» **Work required**: In the data below, begin at the line with "In this video, Auditbot" and stop after the line with "Now here we"; output those lines exactly and no pictures.

» **Study material**:
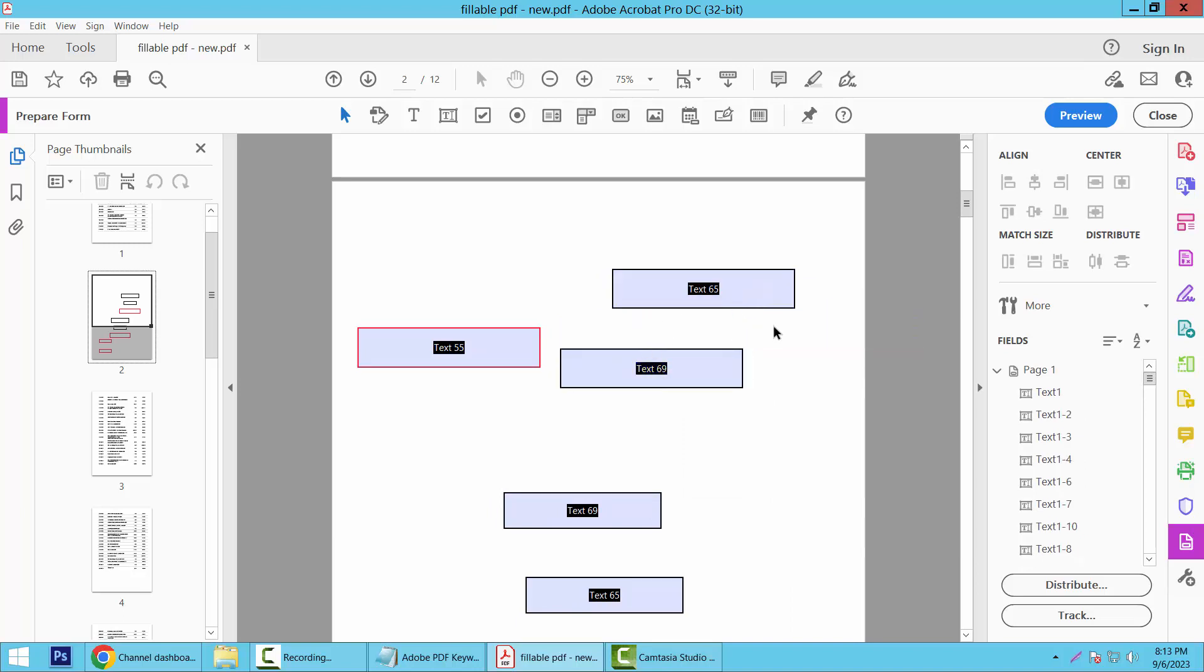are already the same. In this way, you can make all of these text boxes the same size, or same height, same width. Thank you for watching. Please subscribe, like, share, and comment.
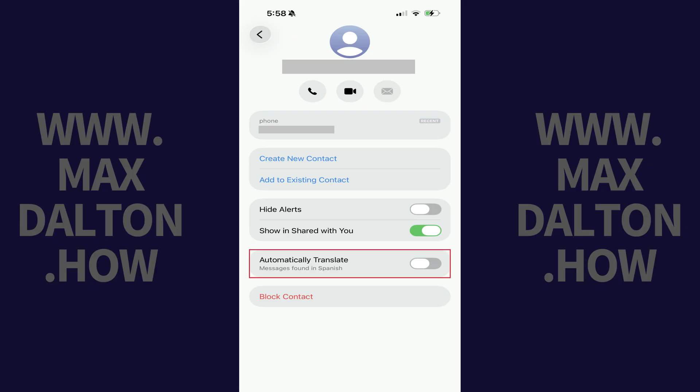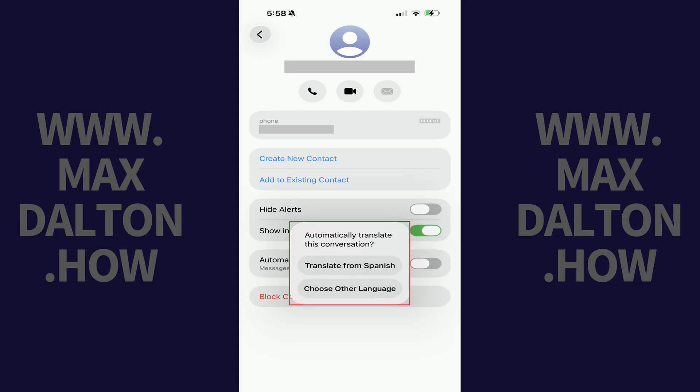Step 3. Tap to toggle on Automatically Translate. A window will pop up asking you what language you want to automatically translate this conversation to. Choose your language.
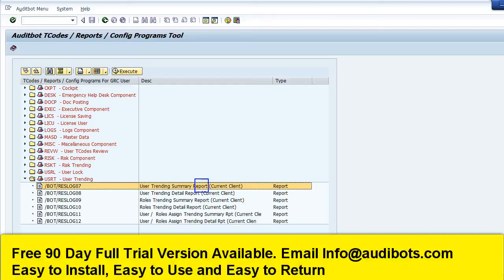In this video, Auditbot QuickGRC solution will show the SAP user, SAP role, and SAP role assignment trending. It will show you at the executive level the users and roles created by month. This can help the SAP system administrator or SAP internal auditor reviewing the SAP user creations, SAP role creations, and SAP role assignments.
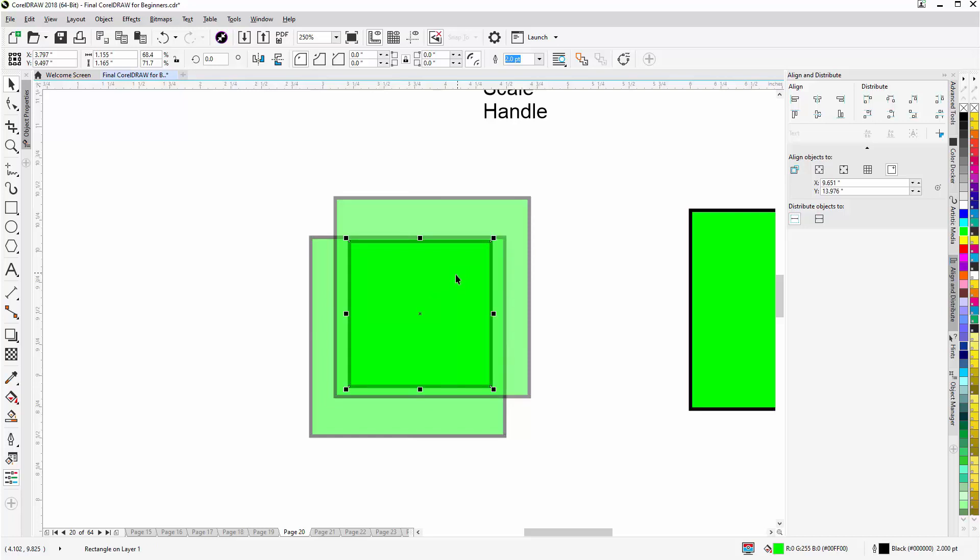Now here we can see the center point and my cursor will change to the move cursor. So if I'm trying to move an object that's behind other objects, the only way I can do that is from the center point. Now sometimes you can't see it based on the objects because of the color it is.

---

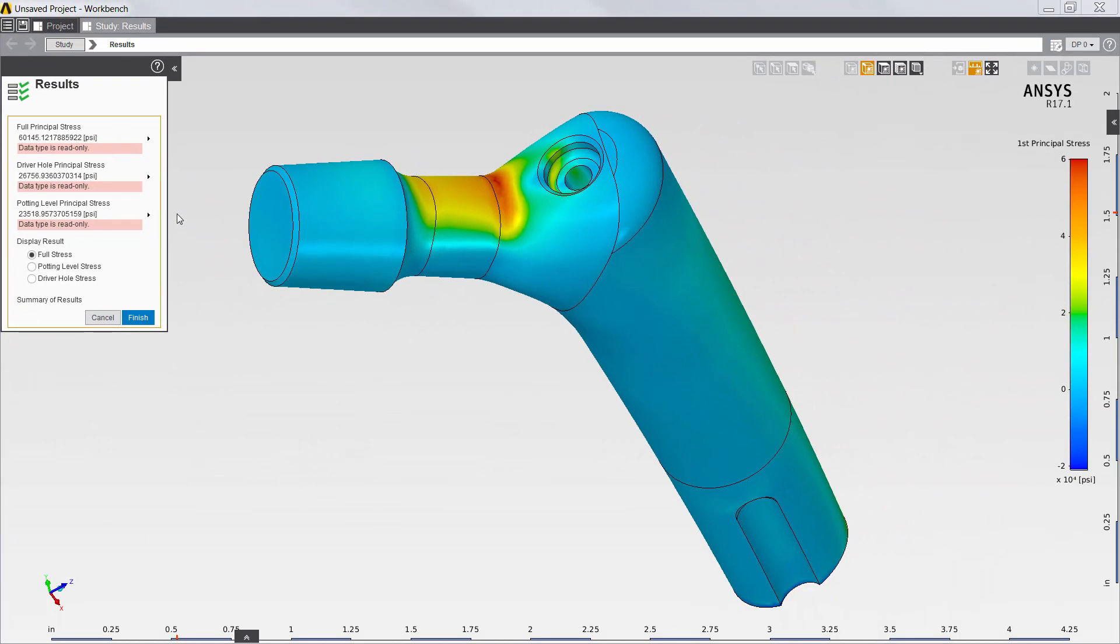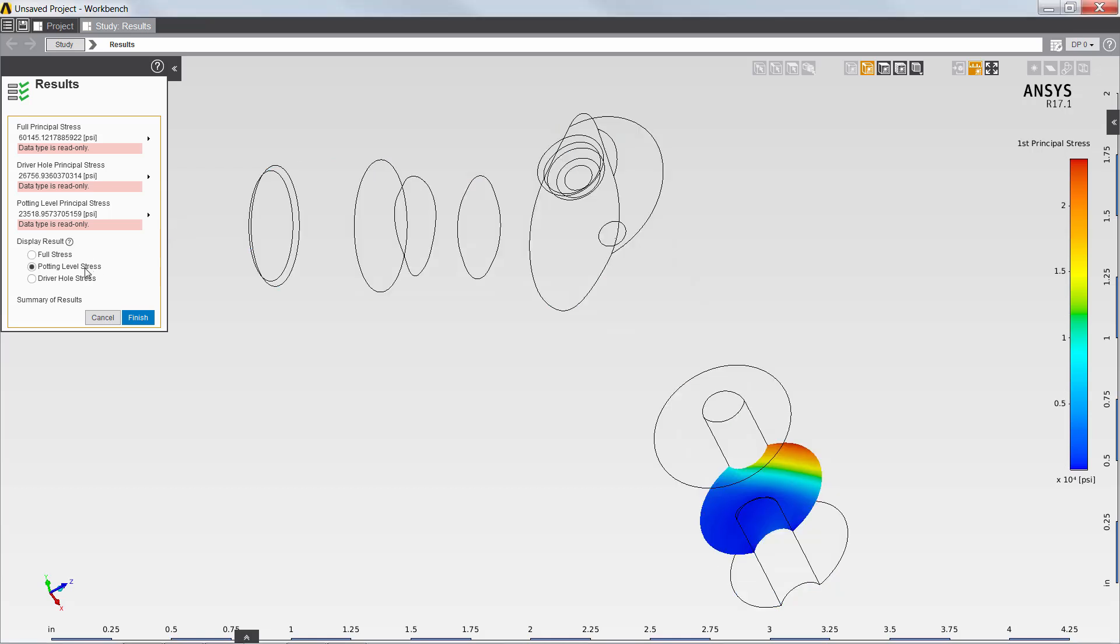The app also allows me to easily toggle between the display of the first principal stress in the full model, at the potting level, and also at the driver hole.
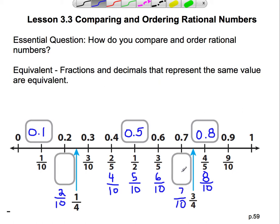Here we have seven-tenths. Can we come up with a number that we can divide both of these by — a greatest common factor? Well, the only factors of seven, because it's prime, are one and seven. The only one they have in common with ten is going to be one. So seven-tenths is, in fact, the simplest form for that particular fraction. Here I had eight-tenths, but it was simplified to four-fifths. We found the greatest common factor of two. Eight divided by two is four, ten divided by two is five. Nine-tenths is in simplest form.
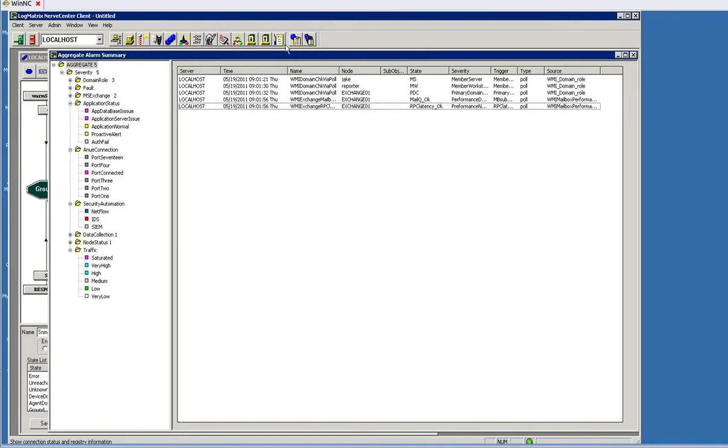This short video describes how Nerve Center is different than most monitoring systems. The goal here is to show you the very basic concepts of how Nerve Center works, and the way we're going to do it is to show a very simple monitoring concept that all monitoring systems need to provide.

* * *

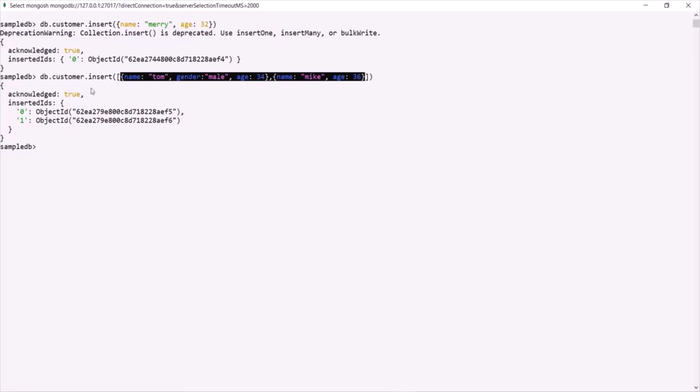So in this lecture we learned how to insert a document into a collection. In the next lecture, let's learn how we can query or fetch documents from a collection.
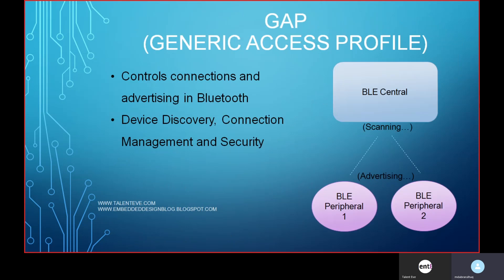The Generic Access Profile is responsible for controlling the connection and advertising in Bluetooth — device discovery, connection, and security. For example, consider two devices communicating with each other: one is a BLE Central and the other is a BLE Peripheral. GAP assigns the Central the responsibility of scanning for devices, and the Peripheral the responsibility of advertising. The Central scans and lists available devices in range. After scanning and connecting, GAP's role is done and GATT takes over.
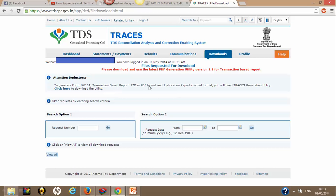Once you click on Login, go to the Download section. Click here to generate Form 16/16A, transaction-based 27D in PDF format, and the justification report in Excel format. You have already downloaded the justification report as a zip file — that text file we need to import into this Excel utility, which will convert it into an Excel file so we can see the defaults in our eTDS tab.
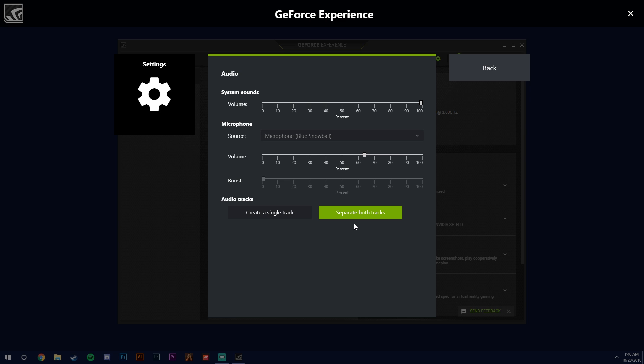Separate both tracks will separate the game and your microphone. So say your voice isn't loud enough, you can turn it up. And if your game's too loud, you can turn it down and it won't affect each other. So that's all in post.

» **Result of the exercise**:
In this video, Auditbot QuickGRC solution will show the SAP user, SAP role, and SAP role assignment trending. It will show you at the executive level the users and roles created by month. This can help the SAP system administrator or SAP internal auditor reviewing the SAP user creations, SAP role creations, and SAP role assignments.
Now here we can see the center point and my cursor will change to the move cursor. So if I'm trying to move an object that's behind other objects, the only way I can do that is from the center point. Now sometimes you can't see it based on the objects because of the color it is.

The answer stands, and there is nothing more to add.